问题 C: To Fill or Not to Fill
[命题人 : 外部导入]
时间限制 : 1.000 sec 内存限制 : 32 MB
题目描述
With highways available, driving a car from Hangzhou to any other city is easy. But since the tank capacity of a car is limited, we have to find gas stations on the way from time to time. Different gas station may give different price. You are asked to carefully design the cheapest route to go.
输入
Each input file contains one test case. For each case, the first line contains 4 positive numbers: Cmax (<= 100), the maximum capacity of the tank; D (<=30000), the distance between Hangzhou and the destination city; Davg (<=20), the average distance per unit gas that the car can run; and N (<= 500), the total number of gas stations.
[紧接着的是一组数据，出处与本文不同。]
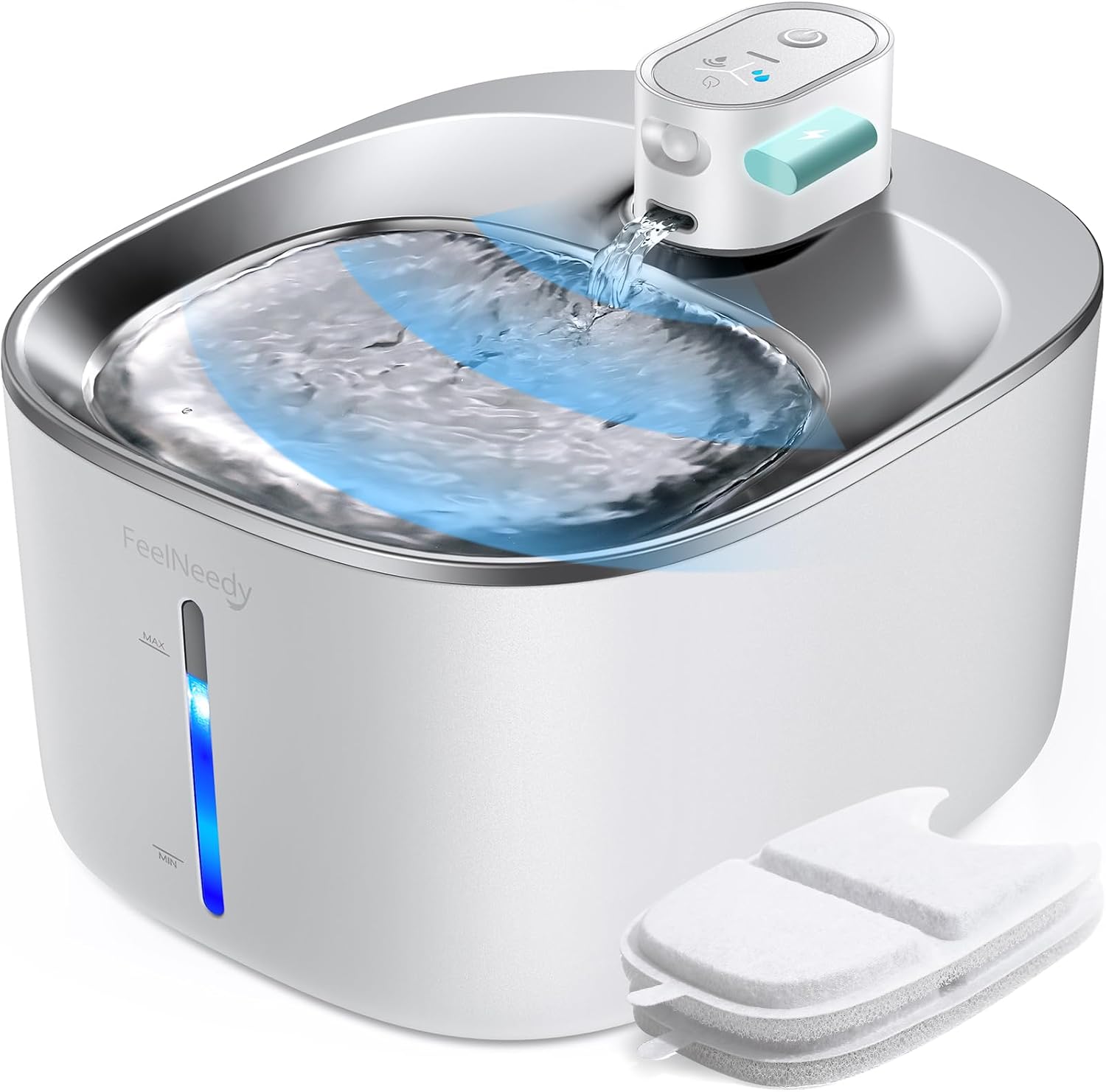FEELNEEDY Fuente para Gatos sin Cable a Pila con Sensor de Movimiento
Then N lines follow, each contains a pair of non-negative numbers: Pi, the unit gas price, and Di (<=D), the distance between this station and Hangzhou, for i=1,…N. All the numbers in a line are separated by a space.
输出
For each test case, print the cheapest price in a line, accurate up to 2 decimal places. It is assumed that the tank is empty at the beginning. If it is impossible to reach the destination, print “The maximum travel distance = X” where X is the maximum possible distance the car can run, accurate up to 2 decimal places.
样例输入 Copy
59 525 19 2
3.00 314
3.00 0
样例输出 Copy
82.89
#include <stdio.h>
#include <algorithm>
using namespace std;
struct station{
double dis_to_HZ;
double price;
}St[501];
bool cmp(station a, station b){
if(a.dis_to_HZ != b.dis_to_HZ) return a.dis_to_HZ < b.dis_to_HZ;
else return a.price < b.price;
}
int main()
{
double c, d, d_avg;
int n;
while(scanf("%lf%lf%lf%d", &c, &d, &d_avg, &n) != EOF){
for(int i = 0; i < n; i++) scanf("%lf%lf", &St[i].price, &St[i].dis_to_HZ);
sort(St, St + n, cmp);
St[n].dis_to_HZ = d;
St[n].price = 0;
double full_gas_len = c * d_avg;
double dis = 0;
double fee = 0;
double gas = 0;
int flag = 0;
if(St[0].dis_to_HZ != 0){
dis = 0;
flag = 1;
}
else{
for(int i = 0; i < n; i++){
int flag_no_cheap = 1;
double cheapst_in_range = St[i + 1].price;
int cheapst_in_range_index = i + 1;
if(St[i + 1].dis_to_HZ - St[i].dis_to_HZ > full_gas_len){
dis += full_gas_len;
flag = 1;
break;
}
for(int j = i + 1; j <= n && St[j].dis_to_HZ - St[i].dis_to_HZ <= full_gas_len; j++){
if(St[j].price < St[i].price){
// if(St[j].price < cheapst_in_range){
// cheapst_in_range = St[j].price;
// cheapst_in_range_index = j;
// }
dis = dis + St[j].dis_to_HZ - St[i].dis_to_HZ;
fee += ((St[j].dis_to_HZ - St[i].dis_to_HZ) / d_avg - gas) * St[i].price;
gas = 0;
i = j - 1;
flag_no_cheap = 0;
break;
}
if(St[j].price < cheapst_in_range){
cheapst_in_range = St[j].price;
cheapst_in_range_index = j;
}
}
if(flag_no_cheap){
dis = dis + St[cheapst_in_range_index].dis_to_HZ - St[i].dis_to_HZ;
fee += (c - gas) * St[i].price;
gas = c - (St[cheapst_in_range_index].dis_to_HZ - St[i].dis_to_HZ) / d_avg;
i = cheapst_in_range_index - 1;
}
}
}
if(flag) printf("The maximum travel distance = %.2lf\n", dis);
else printf("%.2lf\n", fee);
}
return 0;
}